Hello Alfonso. All along the reading of you article I have your last word in mind, how funny.

What's your stance on the Fed (and other central banks I suppose) pushing to short-circuit the split money system (i.e. central bank money and Com. bank money) through the introduction of CBDC?

In very particular, the influence (since exactly 09/2019 during the repo crisis) of the reserve deposit (per Fed: "Liabilities and capital: liabilities deposit") on the previously unaffected retail deposit (per Fed :"deposit, All commercial banks"), for the latter was growing steadily and independently of the central banks' money the past 40years+. Both derivatives seem to follow the same law.

By driving up demand for treasuries (pushing real yield down), I believe that the central banks are pushing to get more "tools" to respond to the next downturns, and not only by playing with interest rates anymore.

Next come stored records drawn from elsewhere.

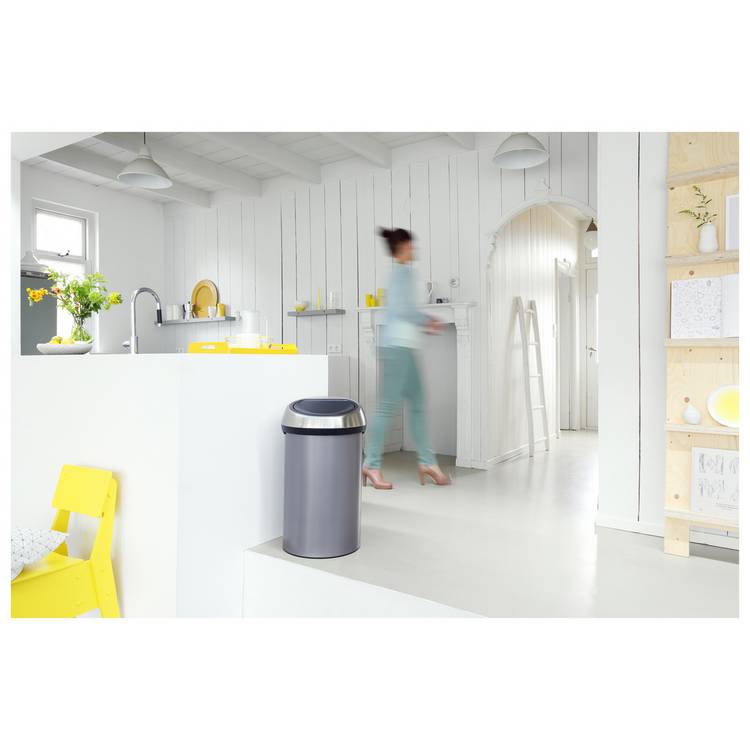 Brabantia touch top bin grey 60L - British product
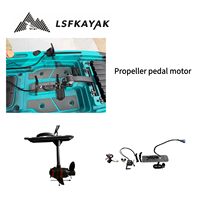 Kayak motorisé à pédales, propulsion par hélice, moteur hybride sans balais, 55lbs/65lbs, commande manuelle, dérive sur les lacs et les rivières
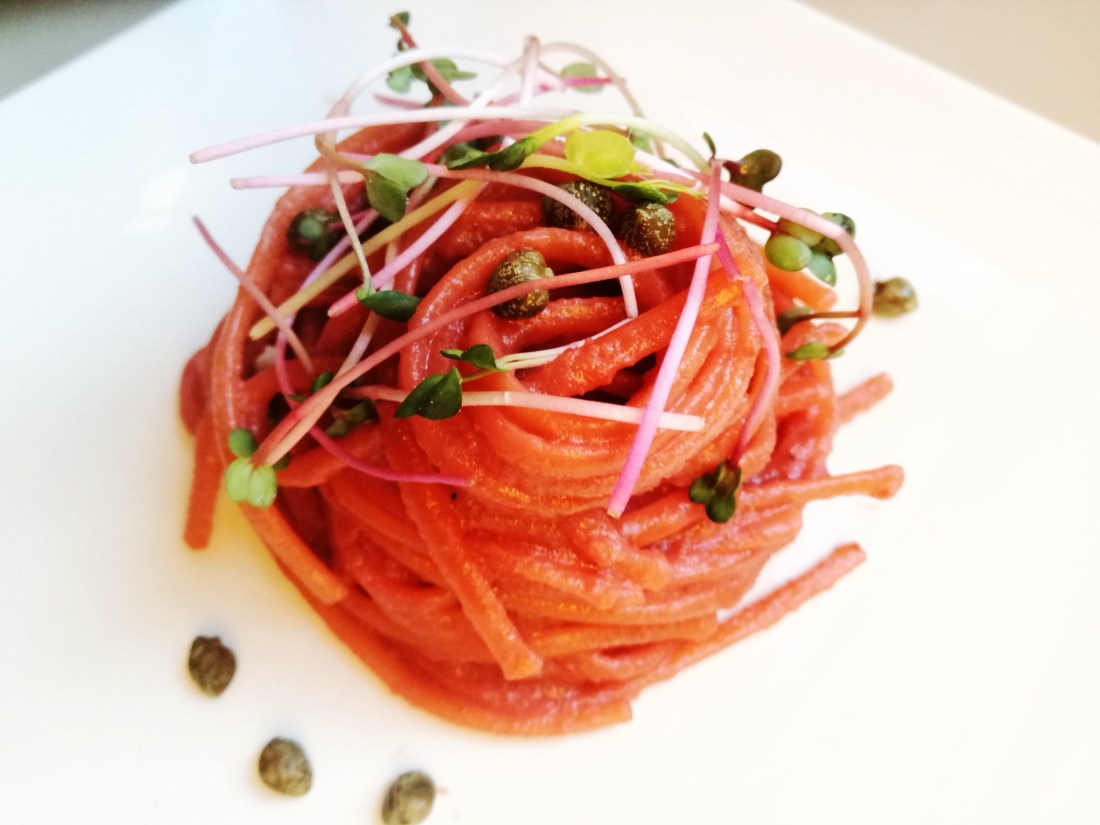 linguine alla rapa rossa @fraduefuochi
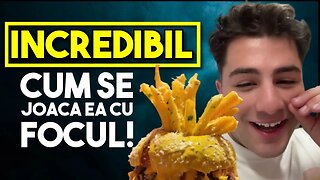 INCREDIBIL CUM SE JOACA EA CU FOCUL!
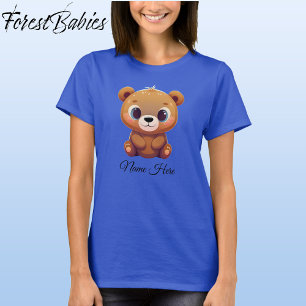 Niedlicher Kid's Teddy Bear Cub Animal Cartoon Gra T-Shirt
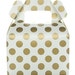 Party Favor Candy Boxes, Gold Polka Dot (12 Pack) - Candy Buffet Treat Boxes, Wedding Dessert Table Supplies, Small Birthday Gift Box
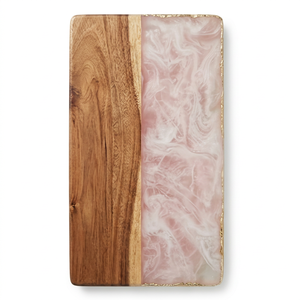 Tabla de Cortar Rectangular de Bambú con Aspecto de Mármol, Bandeja para Servir, Tabla de Cocina Personalizada, Tamaño Personalizado, Tabla de Alta Calidad - Product Image 1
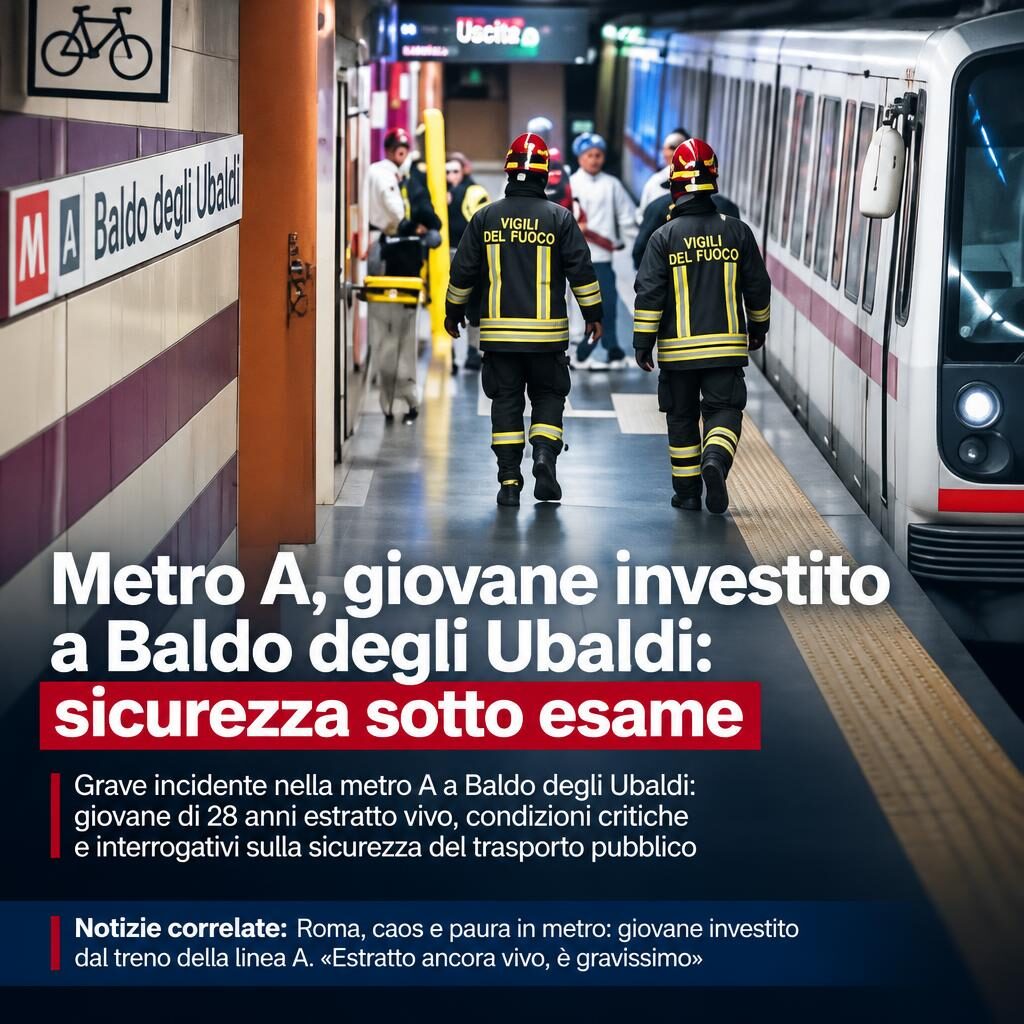 Metro A, giovane investito a Baldo degli Ubaldi: sicurezza sotto esame
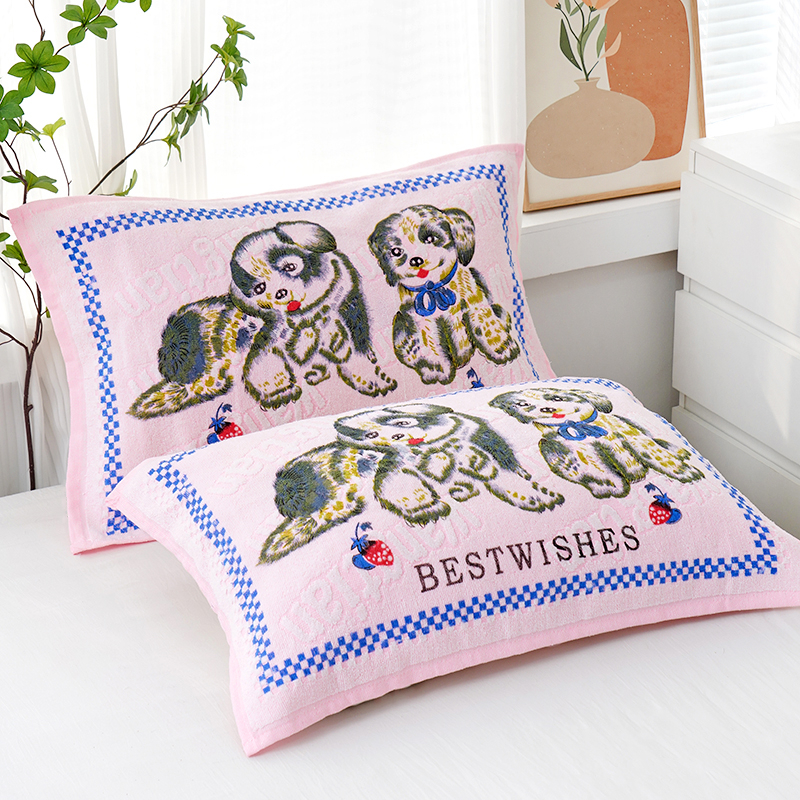 Jastučnica u paru — 100% pamuk, otisak na rezanom baršunu, klasični nostalgični starinski stil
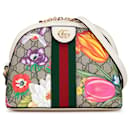 Borsa a tracolla Dome Ophidia in GG Supreme Flora marrone di Gucci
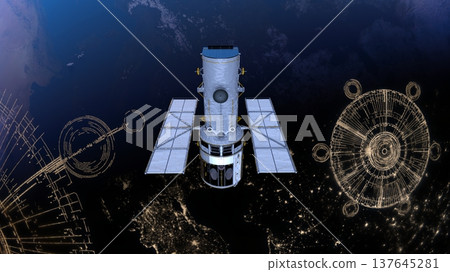 Satellite and Earth Satellite and Earth 137645281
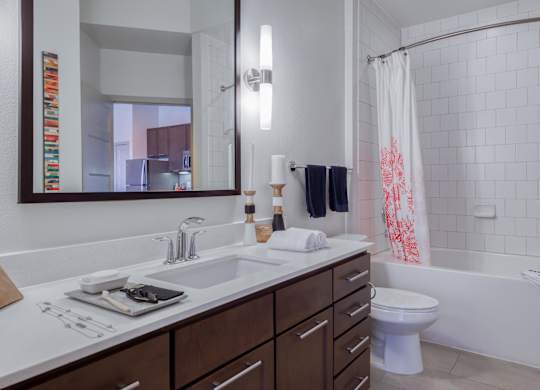 Bathroom with tub at Agave, San Antonio, TX, 78205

I believe they try to find a way to "go direct" in accordance with the talks of 'BlackRock' by pumping the stock market with all that QE money. I also believe that we have just entered the "QEternity" like you mentioned last time in order to make those big monetary policy moves in the next decade, likely resulting from propositions to deal with a possible "dramatic" downturn. The latter that could be 'cooked up' and gather momentum as we speak through this burning tightrope we walk on (market doubling with poor economic basing).

I guess your stance will be given in the next post! See you then.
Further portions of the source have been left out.